*Task to complete*. In the entries below, begin at the line that has "FORIOUS Toilet Paper" and stop after the line that has "3M Command Outdoor"; output those lines exactly, leaving out pictures.

═════ Supplied records

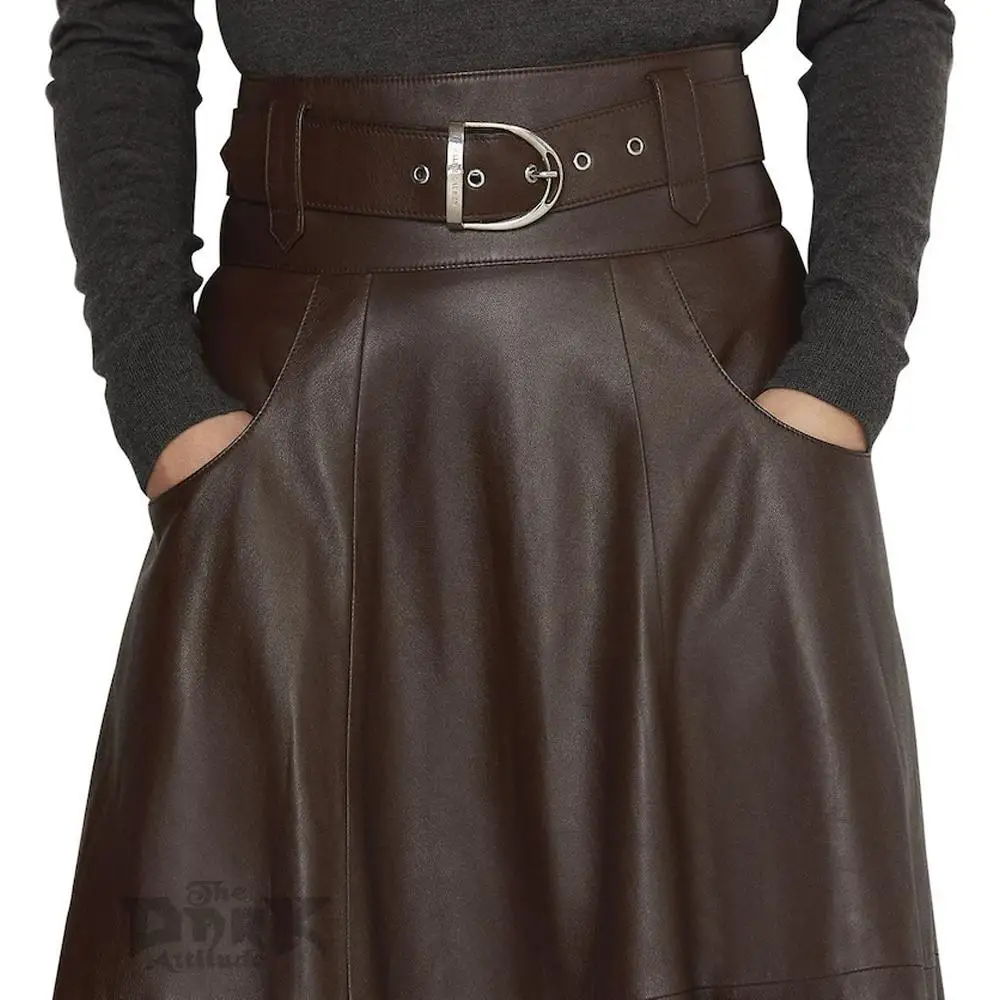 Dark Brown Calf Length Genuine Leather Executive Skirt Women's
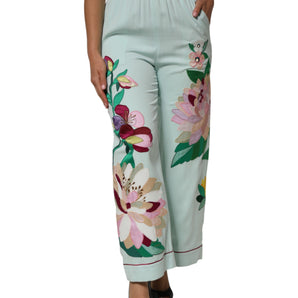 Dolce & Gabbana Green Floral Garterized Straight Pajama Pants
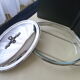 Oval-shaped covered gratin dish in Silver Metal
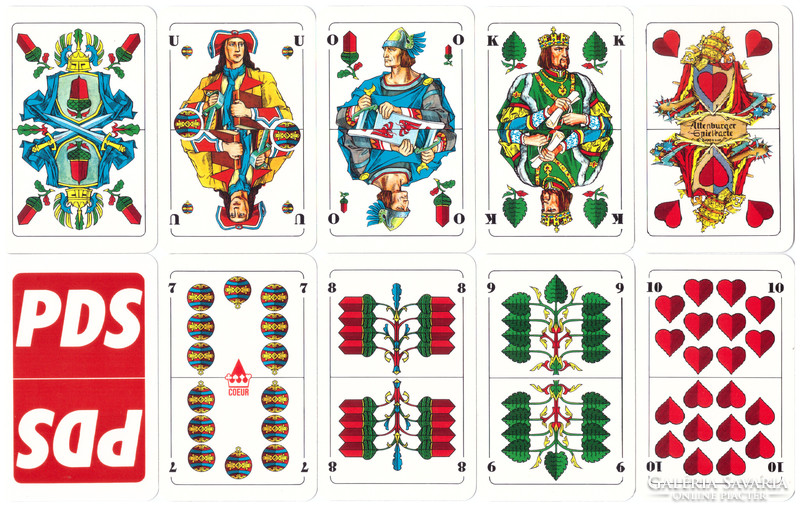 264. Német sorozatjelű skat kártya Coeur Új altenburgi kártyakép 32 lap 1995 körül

══════════
═════ Supplied records

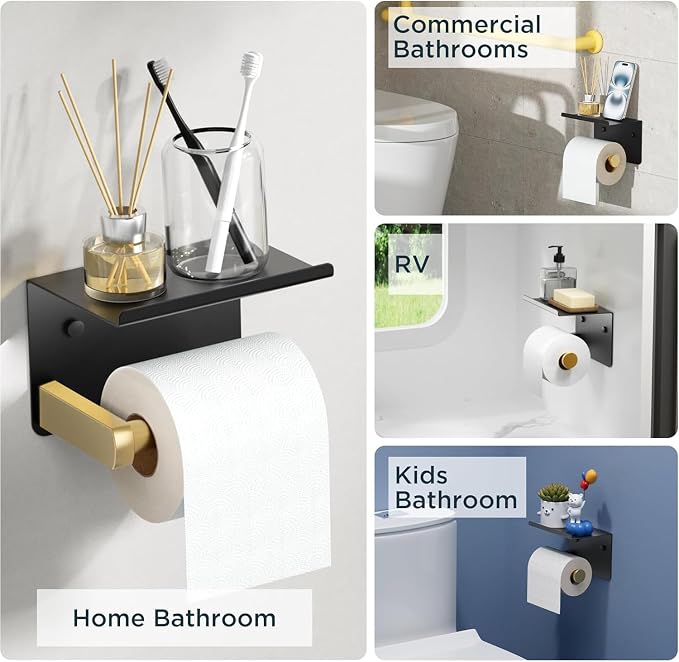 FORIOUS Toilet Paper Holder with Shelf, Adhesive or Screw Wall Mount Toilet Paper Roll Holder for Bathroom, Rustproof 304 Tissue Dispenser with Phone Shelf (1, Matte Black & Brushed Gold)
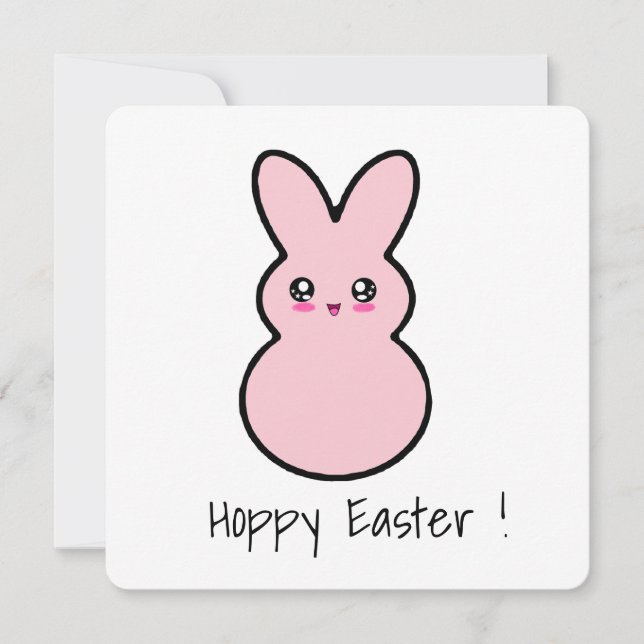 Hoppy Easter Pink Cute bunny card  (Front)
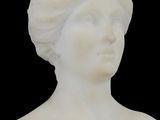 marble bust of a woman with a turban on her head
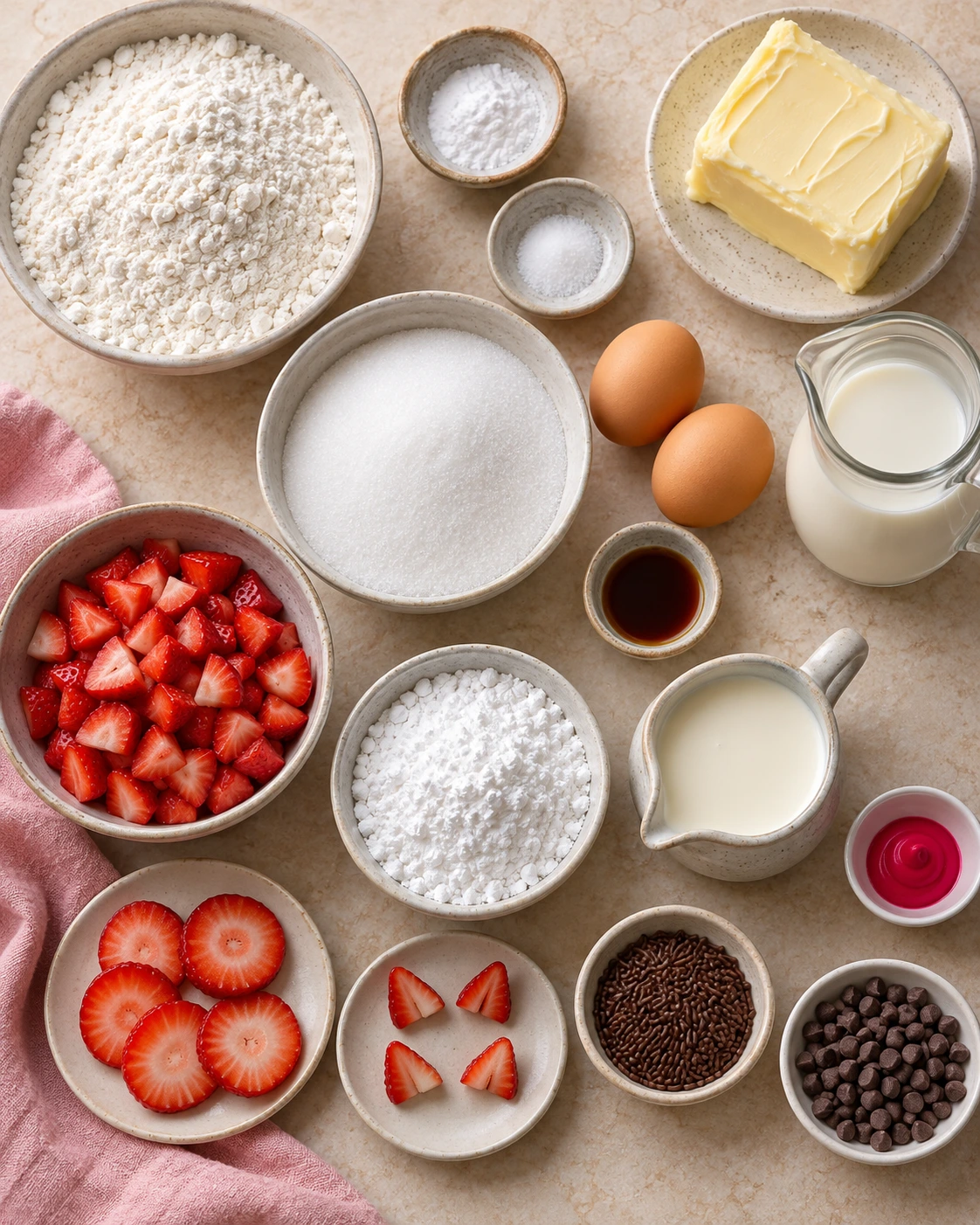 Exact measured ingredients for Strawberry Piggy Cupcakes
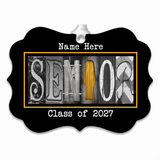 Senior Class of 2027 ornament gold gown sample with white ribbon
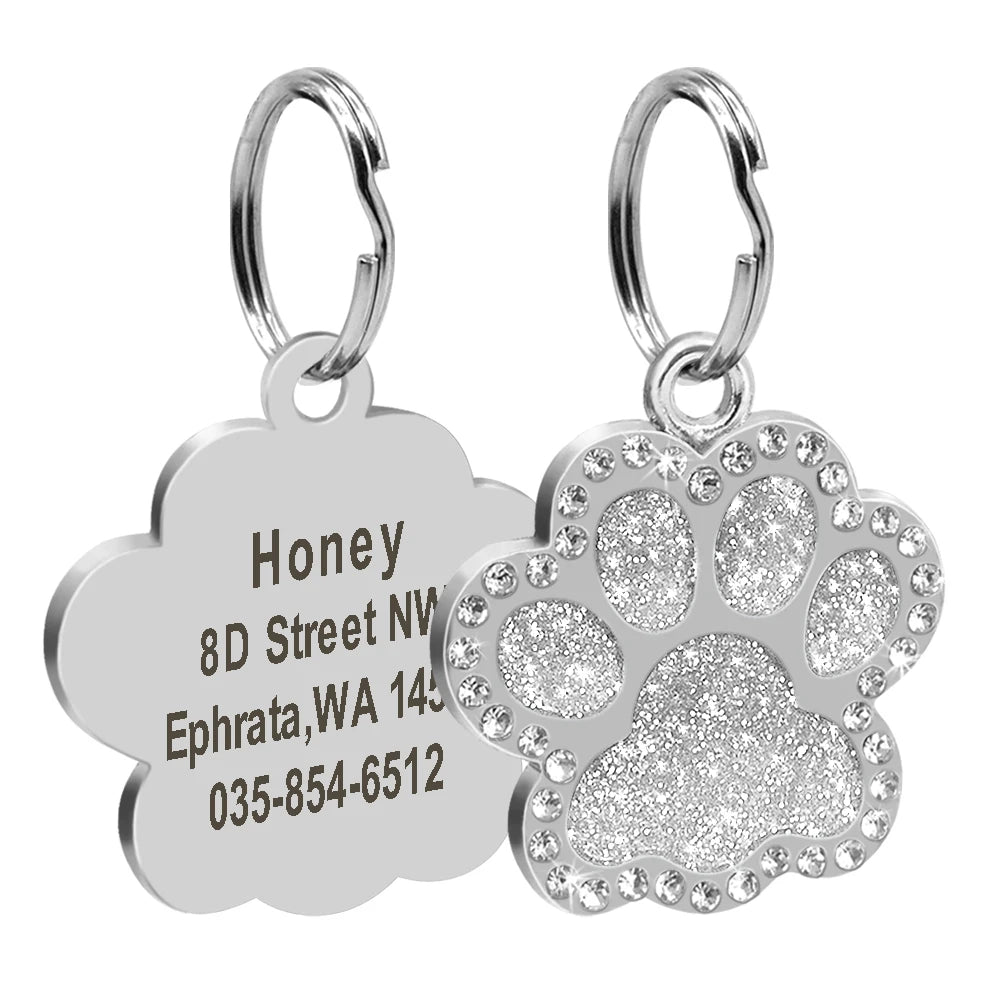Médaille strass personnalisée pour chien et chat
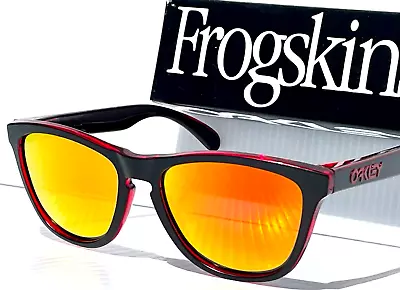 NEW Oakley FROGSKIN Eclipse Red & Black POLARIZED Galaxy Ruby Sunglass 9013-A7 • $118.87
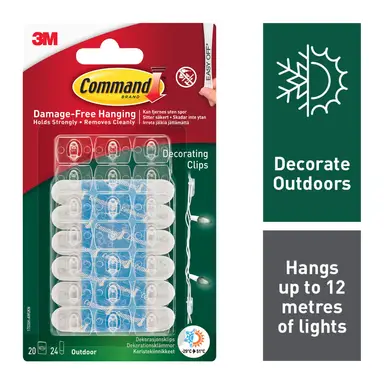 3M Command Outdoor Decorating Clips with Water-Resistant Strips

══════════

*Written response*.
 FORIOUS Toilet Paper Holder with Shelf, Adhesive or Screw Wall Mount Toilet Paper Roll Holder for Bathroom, Rustproof 304 Tissue Dispenser with Phone Shelf (1, Matte Black & Brushed Gold)
 Hoppy Easter Pink Cute bunny card  (Front)
 marble bust of a woman with a turban on her head
 Exact measured ingredients for Strawberry Piggy Cupcakes
 Senior Class of 2027 ornament gold gown sample with white ribbon
Médaille strass personnalisée pour chien et chat
 NEW Oakley FROGSKIN Eclipse Red & Black POLARIZED Galaxy Ruby Sunglass 9013-A7 • $118.87
 3M Command Outdoor Decorating Clips with Water-Resistant Strips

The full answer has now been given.